In 2000, there were 9 workers who commuted into the village and 40 workers who commuted away. The village is a net exporter of workers, with about 4.4 workers leaving the village for every one entering. Of the working population, 5% used public transportation to get to work, and 67.5% used a private car.

==Religion==
From the 2000 census, 26 or 17.6% were Roman Catholic, while 107 or 72.3% belonged to the Swiss Reformed Church. Of the rest of the population, there were 8 individuals (or about 5.41% of the population) who belonged to another Christian church. There was 1 person who was Buddhist. 9 (or about 6.08% of the population) belonged to no church, are agnostic or atheist, and 1 individuals (or about 0.68% of the population) did not answer the question.

==Education==

In Sassel about 57 or (38.5%) of the population have completed non-mandatory upper secondary education, and 14 or (9.5%) have completed additional higher education (either University or a Fachhochschule). Of the 14 who completed tertiary schooling, 64.3% were Swiss men, 28.6% were Swiss women.
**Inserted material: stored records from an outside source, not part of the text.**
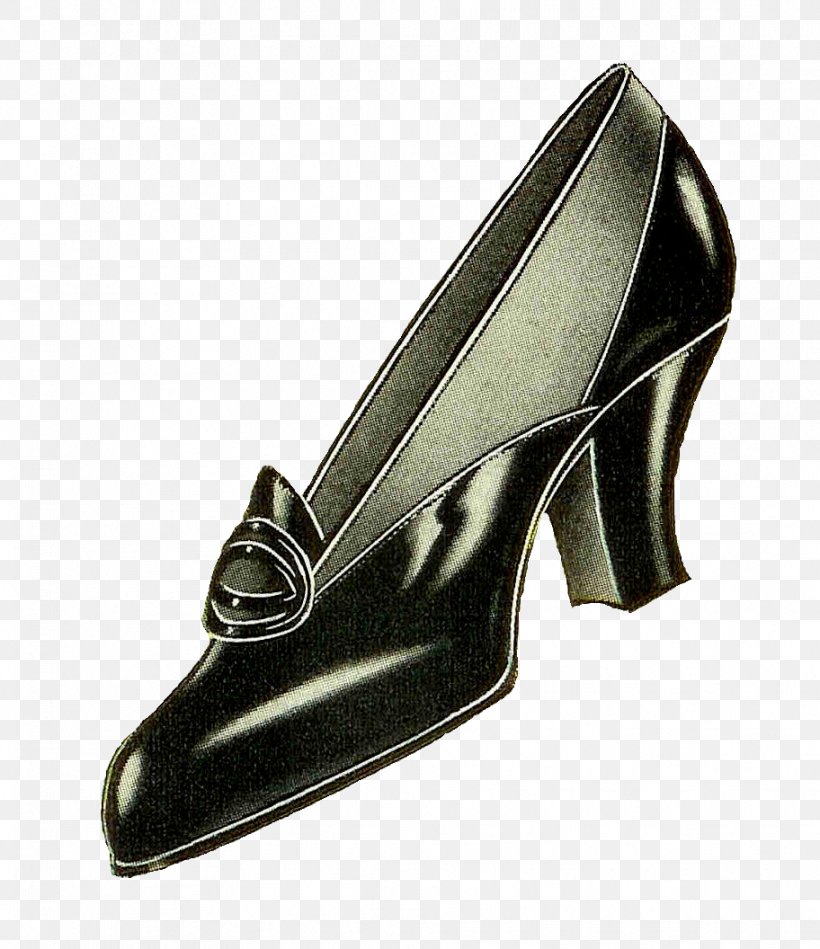 Shoe Vintage Clothing High-heeled Footwear Boot Clip Art, PNG, 912x1056px, Shoe, Antique, Basic Pump, Black, Boot Download Free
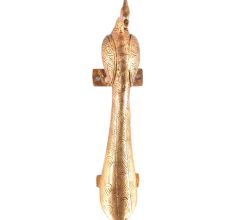 Golden Peacock Door Handle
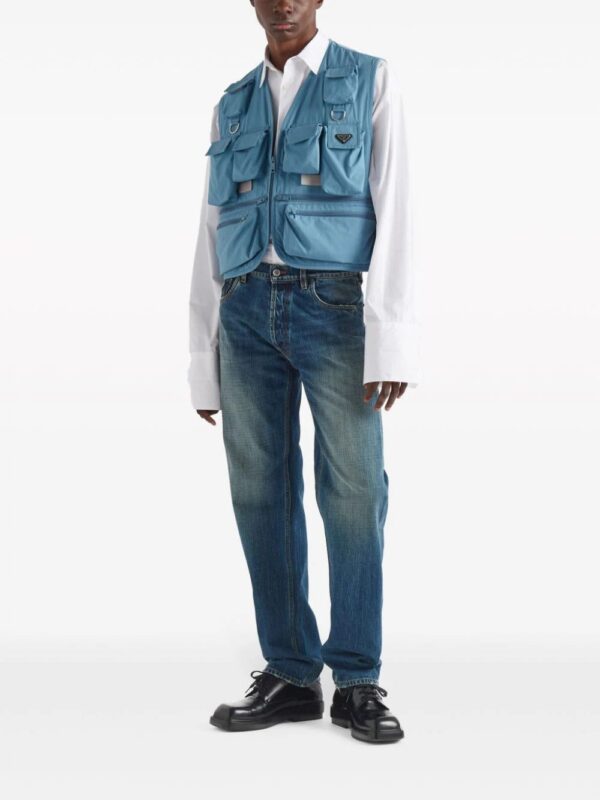 Prada  multi-pocket cotton vest - Image 2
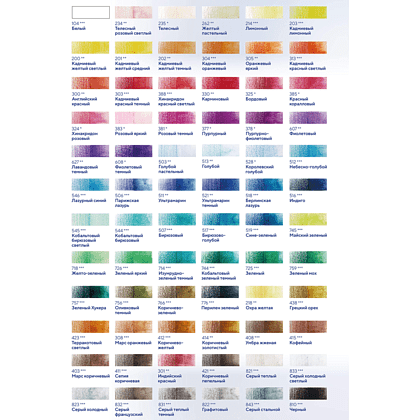 Карандаш акварельный "Белые ночи", 104, белый - 3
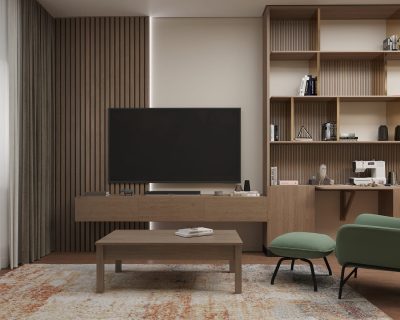 Ремонт двухкомнатной квартиры под ключ площадью 44 кв м от компании Domeo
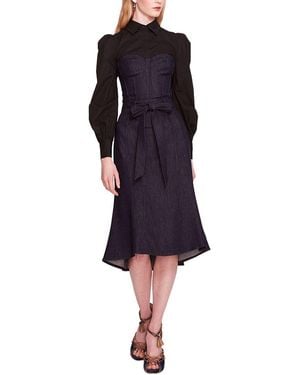 Marchesa Midi Dress - Blue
In the 2009/2010 school year there were a total of 21 students in the Sassel school district. In the Vaud cantonal school system, two years of non-obligatory pre-school are provided by the political districts. During the school year, the political district provided pre-school care for a total of 155 children of which 83 children (53.5%) received subsidized pre-school care. The canton's primary school program requires students to attend for four years. There were 15 students in the municipal primary school program. The obligatory lower secondary school program lasts for six years and there were 6 students in those schools.

As of 2000, there were 10 students in Sassel who came from another village, while 6 residents attended schools outside the village.